Plaintiff attributes each of these comments to bias against his age. We disagree. As the district court noted, these statements are innocuous when viewed in context. See Baker v. Silver Oak Senior Living Mgmt. Co. ,
As to the belief that an alternate candidate would be "a little faster" than plaintiff at the Manager of Truck Owner Operators position, the hiring manager explained his decision-making process at his deposition:
It was my impression that [the other candidate] would grasp some of the aspects of the job a little faster than [plaintiff] ... [b]ased on ... my overall impression on how they would do. A lot of aspects to this job, a lot of different things that you have to be able to manage and accomplish, and my impression was that [the other candidate] ... would be slightly more quick in grasping all these different parts of the job, as opposed to ... [plaintiff] I thought would take a little bit more time.

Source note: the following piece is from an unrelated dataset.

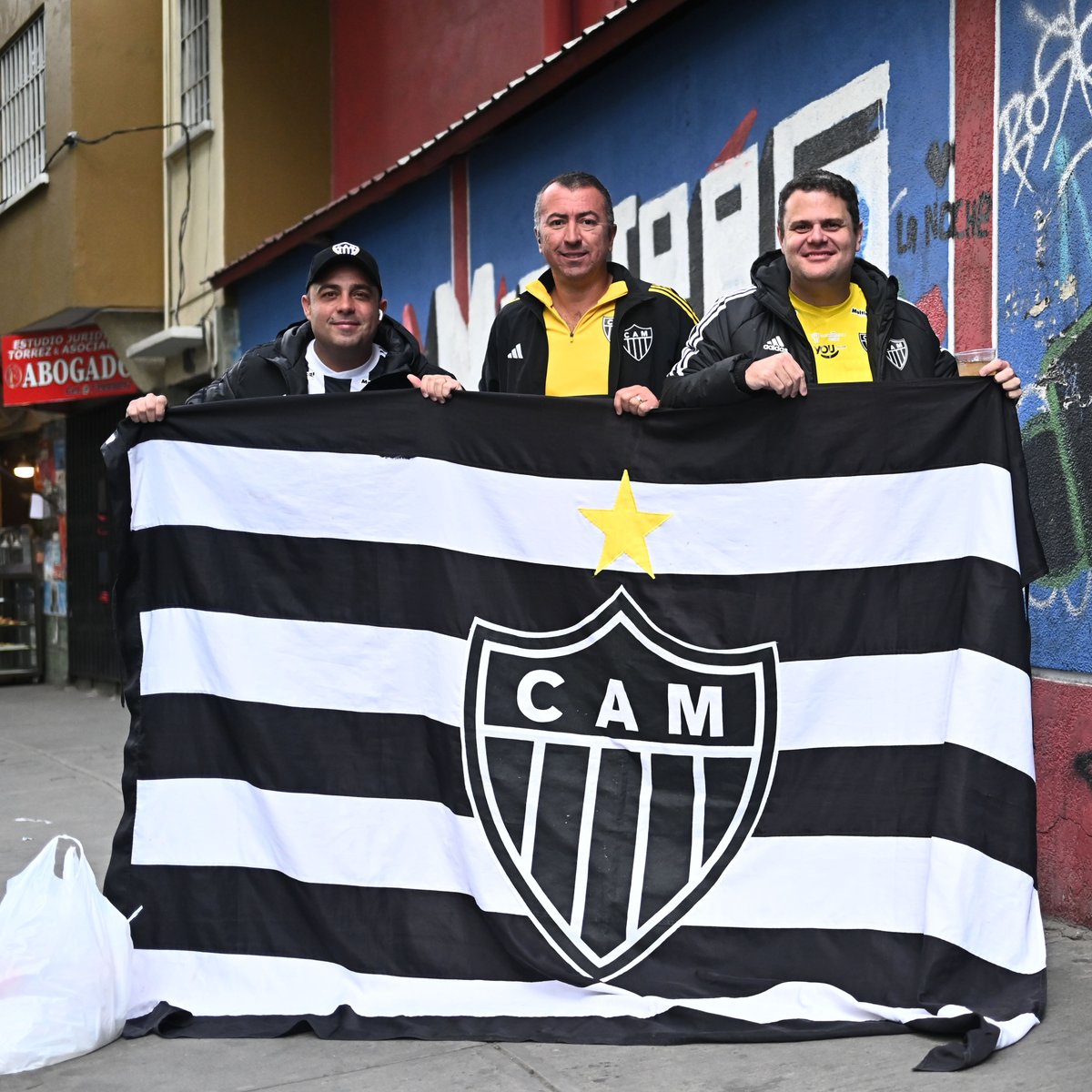 SudamericanaBR's tweet photo. 🤩 Não falta apoio pela #GrandeConquista!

Nothing in the manager's evaluation is attributed to plaintiff's age. Therefore, as the district court noted, plaintiff's "assumption that [the] comments were based on Plaintiff's age versus his intelligence, skills, or simply Plaintiff's behavior during the interview has no basis in the record."
The hiring manager for the Benefits Administrator-Attendance Management position similarly explained his assessment of plaintiff's "low energy," stating he did not "recall that there was much energy in the interview" and that the "conversation was just very plain ... in tone and in response." Once again, nothing indicates the manager's evaluation derived from plaintiff's age.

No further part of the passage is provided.